The genius of a bayonet is that the force can be variable; you can slash or punch straight through and give it a twist to cause death; or you can apply just enough thrust to inflict a relatively minor wound that will require a few stitches, but is sufficient to take your opponent out of the fight.
The application of force is a science that needs to be applied correctly. If a three year old child is throwing a tantrum you don’t beat the child with a baseball bat, you turn the child over your knee and and apply about three or four reasonable whacks to their bottom and let them know their behavior is unacceptable.
The legal fallout is the province of lawyers and courts; considering the fact that the mob has already broken laws and committed various crimes against persons and property, I would hope that the people responsible for disspursing the mob would be on reasonably firm legal ground.

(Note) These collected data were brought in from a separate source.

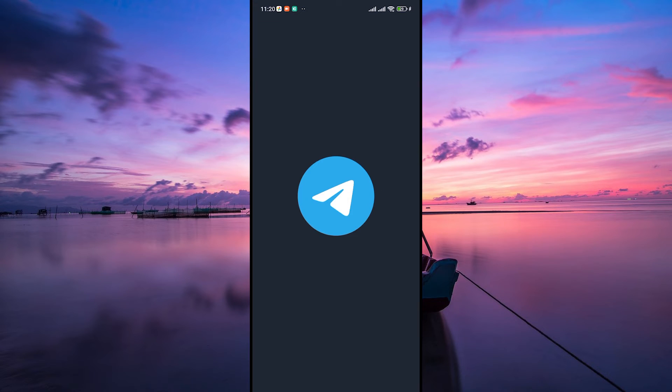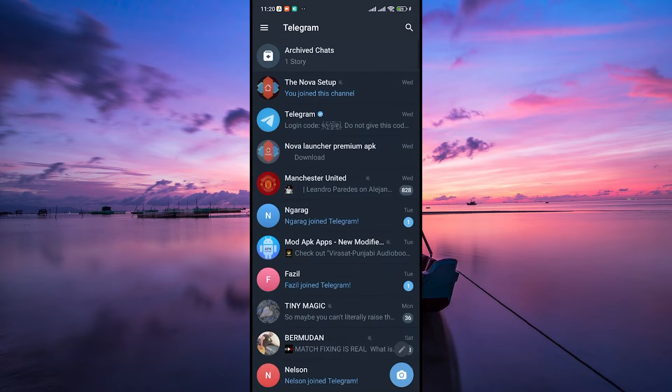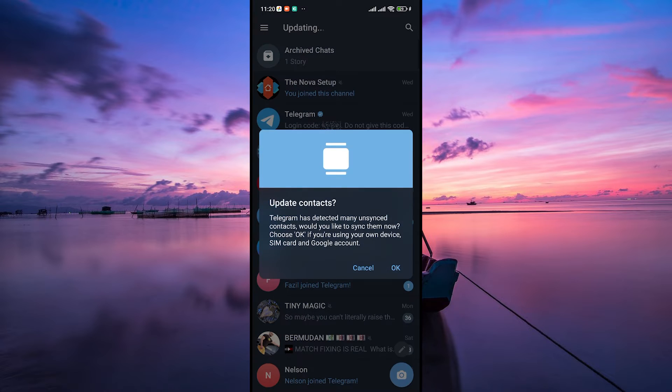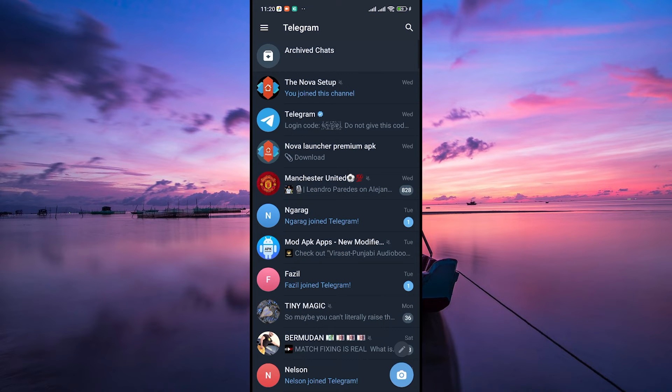First off, open the Telegram app on your device. If you're seeing the this channel can't be displayed error, it usually means there's an issue with accessing that particular channel or content.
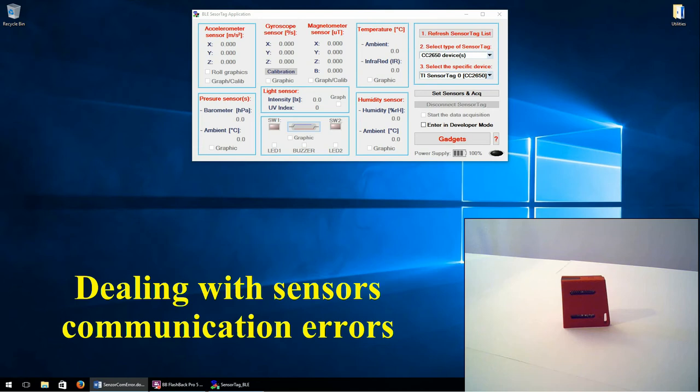Hi, in this video I will present the way to solve several sensor communication errors. So let's start to configure the sensor tag.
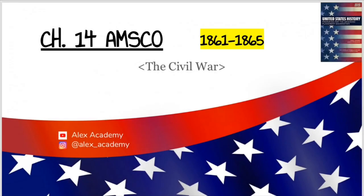Welcome to Chapter 14, EMSCO U.S. History: the Civil War from 1861 to 1865.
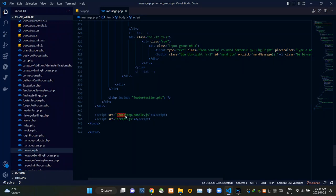By the bottom of these body tags, I'm linking bootstrap.bundle.js file, then our own script.js file.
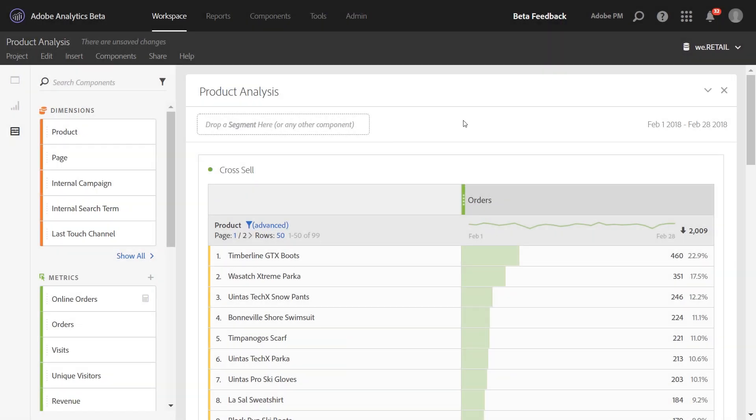Hi, this is Jen Lasser with Adobe Analytics Product Management. In this video, I wanted to walk through how to do cross-sell reporting in Analysis Workspace.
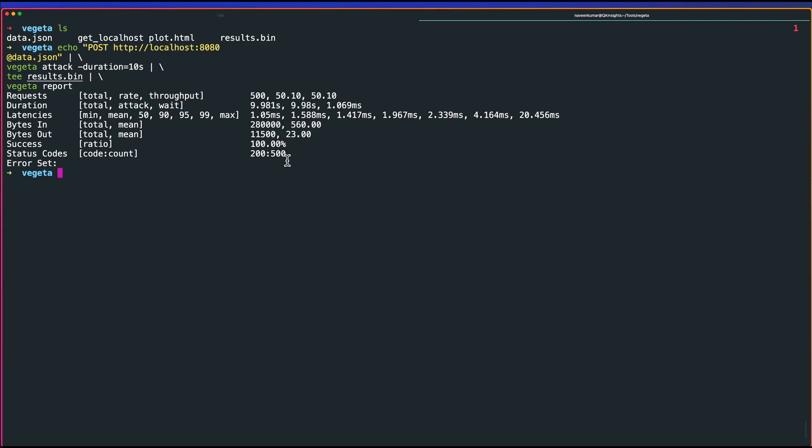Here, you cannot do much of correlation. But this is what you can do. If you want to quickly benchmark with some data, you can definitely use this pattern. Thank you guys. In next video, we will deep dive further into Vegeta and let us see about the coordinated omission as well. Stay tuned. Thanks for watching. Have a good day.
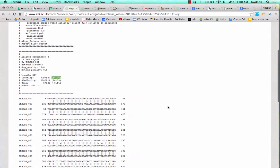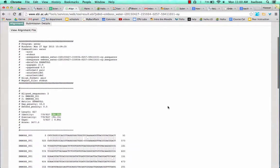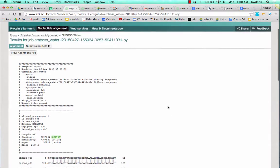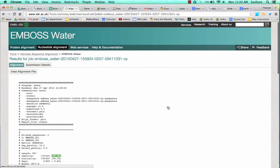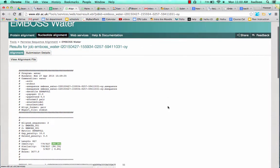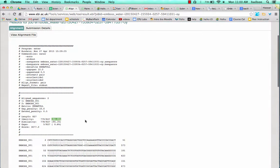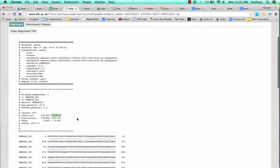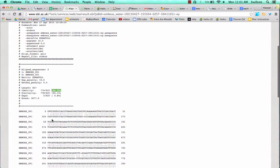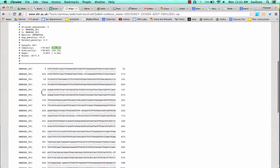One final thing I would add for this method is if you use Emboss Water, your percent identities may be higher than normal. That's because this method is only comparing the parts of the sequences that align. So if one sequence was much longer and had a hundred bases in front of it, that's being ignored by this method.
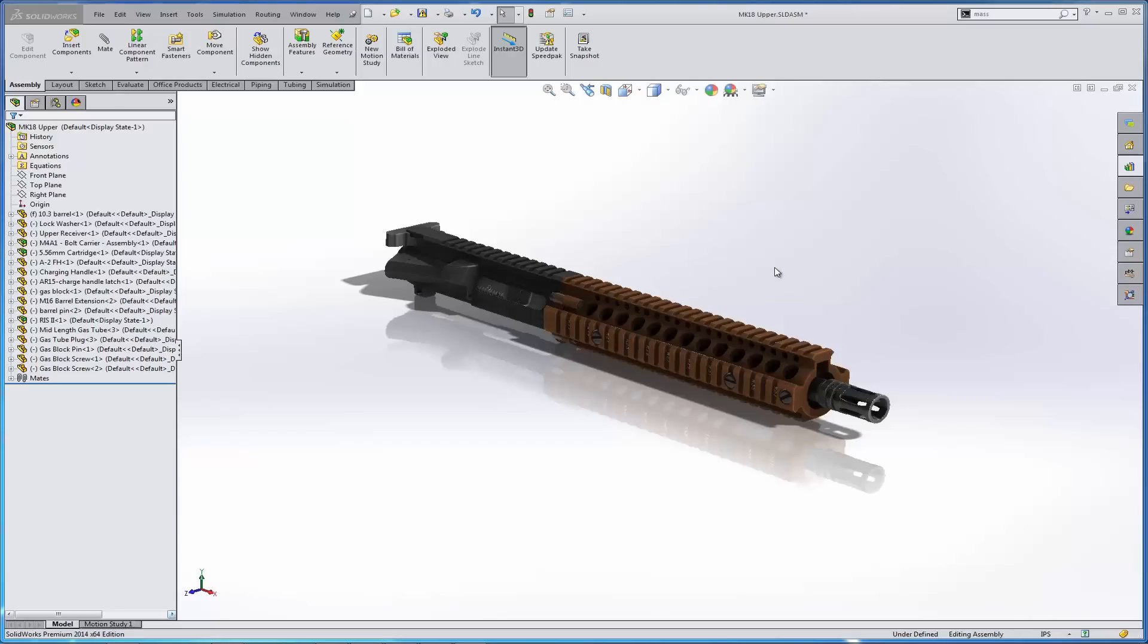Hello, my name is Adam Hughes. I'm an application engineer with GoEngineer, and today we're going to take a look at how easy it is to make exploded views in SOLIDWORKS.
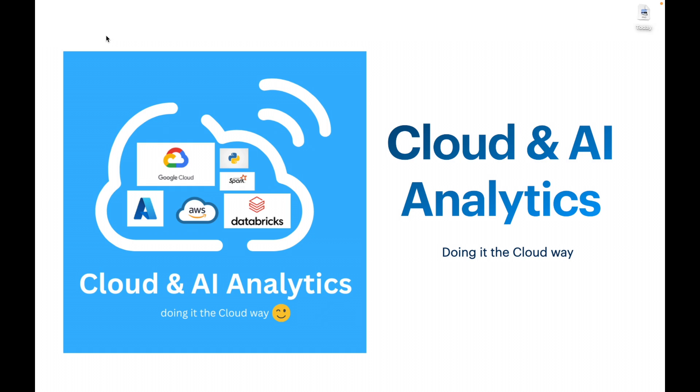If you have any questions or any doubts, please reach out to me or post that in the comment section. I'll take a look at it and reply to it as soon as possible. Please do like, comment, share, and subscribe to Cloud and AI Analytics. I'll see you in the next video with more interesting content. Until then, it's bye from Vignesh. Happy learning.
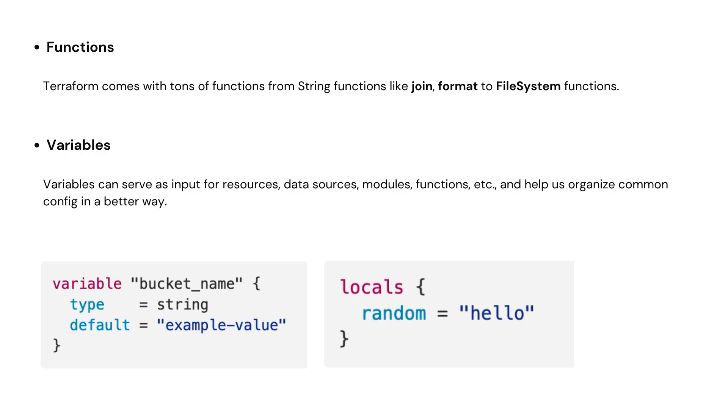Next up is variables. Variables can serve as input to our resources, data sources, modules, functions, and help us organize common config in a better way. Here as an example, you can see a variable. I define its type, string, and give it some default value. You can also define some locals, which are basically just temporary variables.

Contrary to what president Obunghole said during the election campaign, the bayonet is still a primary weapon of (can be) less than lethal force for crowd and mob control.
Generally speaking a mob or a group of rioters are not trained to deal with a bayonet advance, the ones in the front of the line will go to great lengths to get out of the way; once a few minor jabs and slashes have been delivered.
Trust me, the mob WILL move because their only other choice is to escalate, and at that point we lock and load and people start to die.
America has deteriorated a lot, but hopefully we will never sink to getting a leader who thinks like you.
Since you said campus, that may be, but a year later 13,000 Americans were arrested in Washinton DC and held in jails and deternment camps, and the 82nd Airborne and the United States Marine Corp were involved by the many thousands.
""At one point, so many soldiers and marines were being moved into the area from bases along the East Coast that troop transports were landing at the rate of one every three minutes at Andrews Air Force Base in suburban Maryland, about 15 miles from the White House. Among these troops were 4,000 paratroopers from the U.S. 82nd Airborne Division.""
Reading your In-Forum posts, I don't believe you meant to say that it's OK to gun down Americans who disagree with the policies of the incumbent administration. I hope...
Rioting in the streets is never a "Right" guaranteed by the Constitution. People who support such behavior probably have a tingle in their legs whenever the mob beats a cop or breaks a capitalist's windows. I think such suporters have their pulse and breathing rates increase up to a peak and then there is a sudden release of tension just as a rock hits a window.
My father was a state police in Michigan during the '68 riots in Detroit. The rioters were starting fires to lure in the emergency personnel so their snipers could take them out at a distance. That was a HORRIBLE time for our family, knowing that anyone who responded to an emergency was the primary target for urban terrorists. At that time - the state police, first responders, and national guard were under continuous urban assult and showed unprecidented restraint while being ambushed by assasins.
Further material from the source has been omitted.